[Stored entries]
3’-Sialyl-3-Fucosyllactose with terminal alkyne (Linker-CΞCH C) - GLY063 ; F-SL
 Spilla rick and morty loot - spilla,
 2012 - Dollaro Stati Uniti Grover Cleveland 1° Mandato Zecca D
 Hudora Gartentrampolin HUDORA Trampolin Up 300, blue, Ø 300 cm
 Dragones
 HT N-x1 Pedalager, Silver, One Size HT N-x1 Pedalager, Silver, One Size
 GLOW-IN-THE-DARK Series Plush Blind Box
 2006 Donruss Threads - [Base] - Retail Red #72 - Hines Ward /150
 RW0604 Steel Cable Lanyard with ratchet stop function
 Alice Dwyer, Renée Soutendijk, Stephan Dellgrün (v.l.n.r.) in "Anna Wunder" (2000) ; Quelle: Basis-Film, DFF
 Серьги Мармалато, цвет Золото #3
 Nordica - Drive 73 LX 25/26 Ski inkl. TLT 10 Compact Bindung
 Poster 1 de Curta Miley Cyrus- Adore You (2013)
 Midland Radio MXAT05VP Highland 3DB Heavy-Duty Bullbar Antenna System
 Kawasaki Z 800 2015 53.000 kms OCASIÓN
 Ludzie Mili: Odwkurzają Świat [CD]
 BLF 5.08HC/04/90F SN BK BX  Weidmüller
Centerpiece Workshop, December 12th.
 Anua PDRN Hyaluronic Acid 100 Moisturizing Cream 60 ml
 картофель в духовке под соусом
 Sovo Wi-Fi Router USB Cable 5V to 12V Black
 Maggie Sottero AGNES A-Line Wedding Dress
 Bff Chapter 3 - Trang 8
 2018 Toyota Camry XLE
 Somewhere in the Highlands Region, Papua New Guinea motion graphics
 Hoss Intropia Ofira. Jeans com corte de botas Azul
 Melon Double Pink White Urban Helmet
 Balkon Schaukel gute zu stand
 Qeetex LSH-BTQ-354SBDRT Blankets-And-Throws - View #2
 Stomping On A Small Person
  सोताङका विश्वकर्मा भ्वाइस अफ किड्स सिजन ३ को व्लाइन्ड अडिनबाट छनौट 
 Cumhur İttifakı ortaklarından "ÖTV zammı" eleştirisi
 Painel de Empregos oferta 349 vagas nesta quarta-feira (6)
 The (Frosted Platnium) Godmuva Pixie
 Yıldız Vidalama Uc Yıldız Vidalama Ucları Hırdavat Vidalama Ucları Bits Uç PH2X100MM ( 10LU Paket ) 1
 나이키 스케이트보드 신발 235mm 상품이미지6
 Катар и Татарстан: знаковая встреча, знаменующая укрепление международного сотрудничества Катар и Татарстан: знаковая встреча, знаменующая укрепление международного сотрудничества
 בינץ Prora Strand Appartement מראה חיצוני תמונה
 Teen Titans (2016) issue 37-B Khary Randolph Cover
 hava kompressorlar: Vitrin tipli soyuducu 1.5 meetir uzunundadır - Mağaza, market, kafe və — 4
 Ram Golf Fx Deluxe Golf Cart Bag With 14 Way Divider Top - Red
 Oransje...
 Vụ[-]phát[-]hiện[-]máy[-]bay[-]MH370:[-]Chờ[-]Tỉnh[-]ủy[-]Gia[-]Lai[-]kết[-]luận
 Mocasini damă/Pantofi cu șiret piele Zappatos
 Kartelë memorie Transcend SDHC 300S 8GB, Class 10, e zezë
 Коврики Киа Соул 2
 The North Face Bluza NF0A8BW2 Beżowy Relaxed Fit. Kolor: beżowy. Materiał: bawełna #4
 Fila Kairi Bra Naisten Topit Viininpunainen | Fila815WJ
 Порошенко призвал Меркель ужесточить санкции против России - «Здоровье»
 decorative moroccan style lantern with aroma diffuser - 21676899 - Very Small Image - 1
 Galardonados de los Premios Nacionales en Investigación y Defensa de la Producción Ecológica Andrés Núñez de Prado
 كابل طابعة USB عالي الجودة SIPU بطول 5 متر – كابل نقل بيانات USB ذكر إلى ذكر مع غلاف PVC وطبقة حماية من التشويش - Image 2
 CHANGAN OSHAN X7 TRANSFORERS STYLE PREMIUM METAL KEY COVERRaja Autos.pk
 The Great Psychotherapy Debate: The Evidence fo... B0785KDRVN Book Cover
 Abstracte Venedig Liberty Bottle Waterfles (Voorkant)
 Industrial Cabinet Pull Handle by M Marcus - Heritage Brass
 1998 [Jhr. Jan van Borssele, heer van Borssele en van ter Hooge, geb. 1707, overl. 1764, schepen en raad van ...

*Task requirements*
Starting with the line with "GLOW-IN-THE-DARK Series Plush Blind Box" above and going on through the line with "Hoss Intropia Ofira.", transcribe every line exactly, both ends included, and add nothing.

*Exercise output*
 GLOW-IN-THE-DARK Series Plush Blind Box
 2006 Donruss Threads - [Base] - Retail Red #72 - Hines Ward /150
 RW0604 Steel Cable Lanyard with ratchet stop function
 Alice Dwyer, Renée Soutendijk, Stephan Dellgrün (v.l.n.r.) in "Anna Wunder" (2000) ; Quelle: Basis-Film, DFF
 Серьги Мармалато, цвет Золото #3
 Nordica - Drive 73 LX 25/26 Ski inkl. TLT 10 Compact Bindung
 Poster 1 de Curta Miley Cyrus- Adore You (2013)
 Midland Radio MXAT05VP Highland 3DB Heavy-Duty Bullbar Antenna System
 Kawasaki Z 800 2015 53.000 kms OCASIÓN
 Ludzie Mili: Odwkurzają Świat [CD]
 BLF 5.08HC/04/90F SN BK BX  Weidmüller
Centerpiece Workshop, December 12th.
 Anua PDRN Hyaluronic Acid 100 Moisturizing Cream 60 ml
 картофель в духовке под соусом
 Sovo Wi-Fi Router USB Cable 5V to 12V Black
 Maggie Sottero AGNES A-Line Wedding Dress
 Bff Chapter 3 - Trang 8
 2018 Toyota Camry XLE
 Somewhere in the Highlands Region, Papua New Guinea motion graphics
 Hoss Intropia Ofira. Jeans com corte de botas Azul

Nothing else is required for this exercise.